Work required
Using the data below, output a verbatim copy of the lines between the one holding "All Saints Vibrant" and the one holding "10 x 100ml Spray", inclusive, without any pictures.

Available data
========

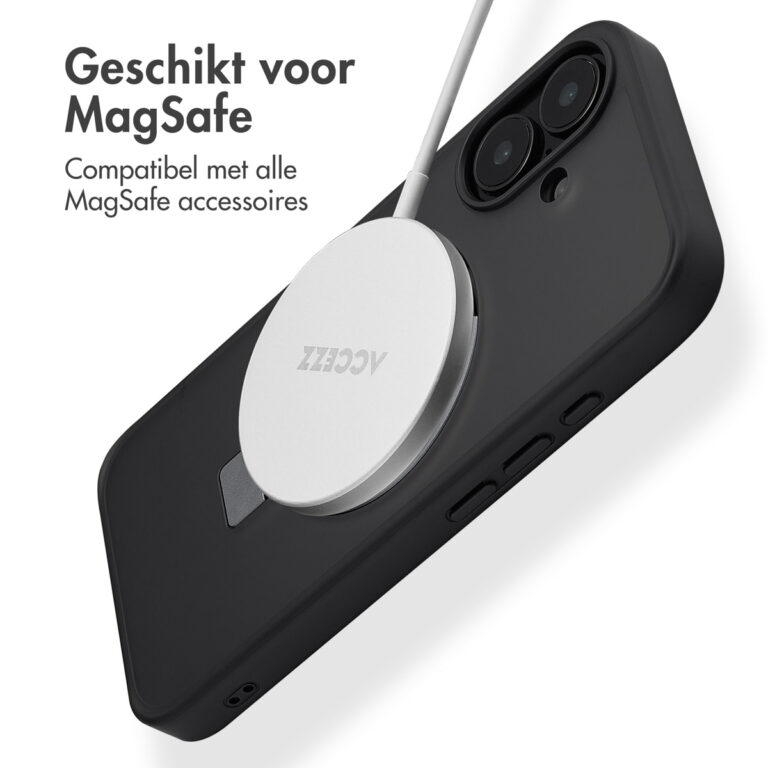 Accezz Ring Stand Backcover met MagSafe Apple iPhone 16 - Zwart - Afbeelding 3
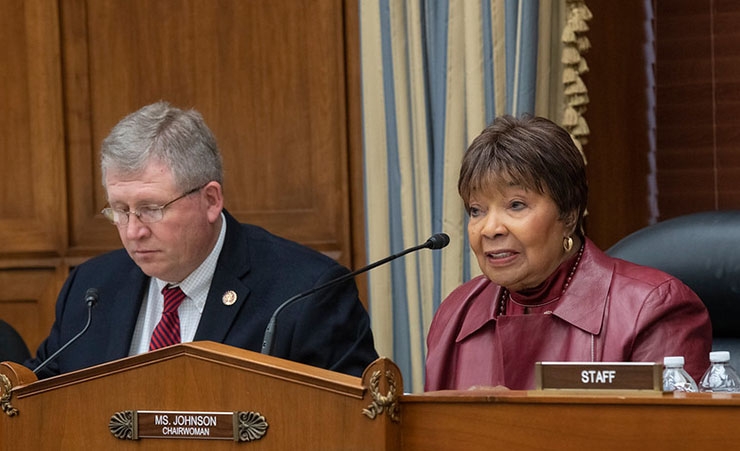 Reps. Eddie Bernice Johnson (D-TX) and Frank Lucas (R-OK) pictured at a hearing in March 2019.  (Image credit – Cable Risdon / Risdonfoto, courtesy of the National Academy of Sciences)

========

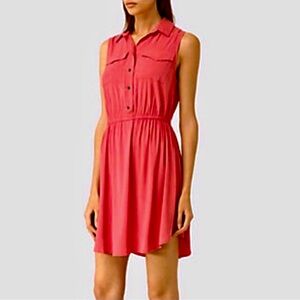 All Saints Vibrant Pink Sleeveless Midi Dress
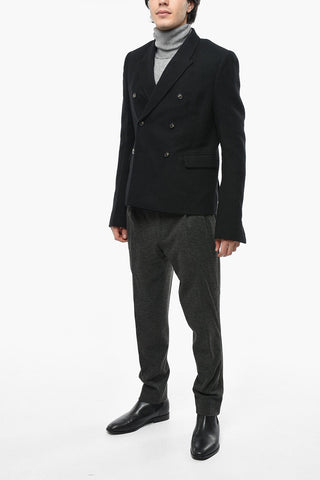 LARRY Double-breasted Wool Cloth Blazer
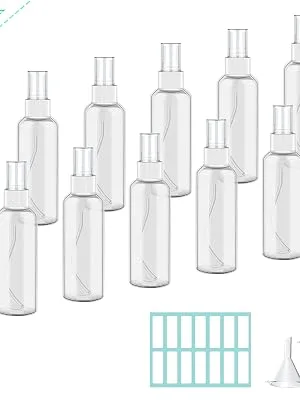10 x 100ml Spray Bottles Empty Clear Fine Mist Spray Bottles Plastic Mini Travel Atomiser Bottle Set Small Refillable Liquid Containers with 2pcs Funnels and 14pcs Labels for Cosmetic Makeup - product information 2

========

Completed task
 All Saints Vibrant Pink Sleeveless Midi Dress
 LARRY Double-breasted Wool Cloth Blazer
10 x 100ml Spray Bottles Empty Clear Fine Mist Spray Bottles Plastic Mini Travel Atomiser Bottle Set Small Refillable Liquid Containers with 2pcs Funnels and 14pcs Labels for Cosmetic Makeup - product information 2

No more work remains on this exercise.